I'm reading Ken Shoemake's explanation of quaternions in David Eberly's book Game Physics. In it, he defines the rotation matrix for a quaternion $q = x\mathbf{i} + y\mathbf{j} + z\mathbf{k} + w\mathbf{1}$ to be the product of two matrices:
$\begin{align} \mathbf{Q\overleftarrow{Q}}^T &= \begin{bmatrix} w & -z & y & x \\ z & w & -x & y \\ -y & x & w & z \\ -x & -y & -z & w \end{bmatrix} \begin{bmatrix} w & -z & y & -x \\ z & w & -x & -y \\ -y & x & w & -z \\ x & y & z & w \end{bmatrix} \\ &= \begin{bmatrix} \mathbf{R} & 0 \\ 0 & xx + yy + zz + ww \end{bmatrix} \end{align} $
where $ \mathbf{R} = \begin{bmatrix} ww - zz - yy + xx & -wz -zw + yx + xy & wy + zx + yw + xz \\ zw + wz + xy + yx & -zz + ww - xx + yy & zy - wx - xw + yz \\ -yw + xz - wy + zx & yz + xw + wx + zy & -yy - xx + ww + zz \end{bmatrix} $
I can follow this so far. $\mathbf{R}$ is easy to see from the rules of matrix multiplication. But then the book goes on to say that because the bottom right corner of the block matrix (ie, $xx + yy + zz + ww$) is $\textrm{N}(q)$, and because we're concerned with normalized rotations $\textrm{N}(q) = 1$, $\mathbf{R}$ can be simplified to
$ \begin{bmatrix} 1 - 2(z^2 + y^2) & 2(xy - wz) & 2(zx + wy) \\ 2(xy + wz) & 1-2(x^2 + z^2) & 2(yz - wx) \\ 2(zx - wy) & 2(yz + wx) & 1 - 2(x^2 + y^2) \end{bmatrix} $
I don't understand why the elements of the main diagonal can be simplified this way. How does $x^2 + w^2 - y^2 - z^2 = 1 - 2(z^2 + y^2)$? Does this only work because $x^2 + y^2 + z^2 + w^2 = 1$?

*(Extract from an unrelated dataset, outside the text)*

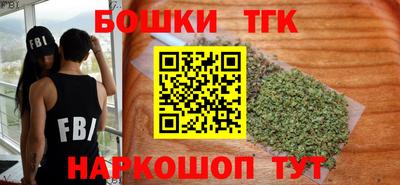 дурь Бузулук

Exactly, you can easily see that
$\begin{align}x^2 + w^2 - y^2 - z^2 &= x^2+w^2+(y^2-2y^2)+(z^2-2z^2) \\ &= \underbrace{x^2+w^2+y^2+z^2}_{=1} - 2(z^2+y^2) \\ &= 1 - 2(z^2 + y^2)\end{align}$
It works exactly the same way for all the entries of the diagonal.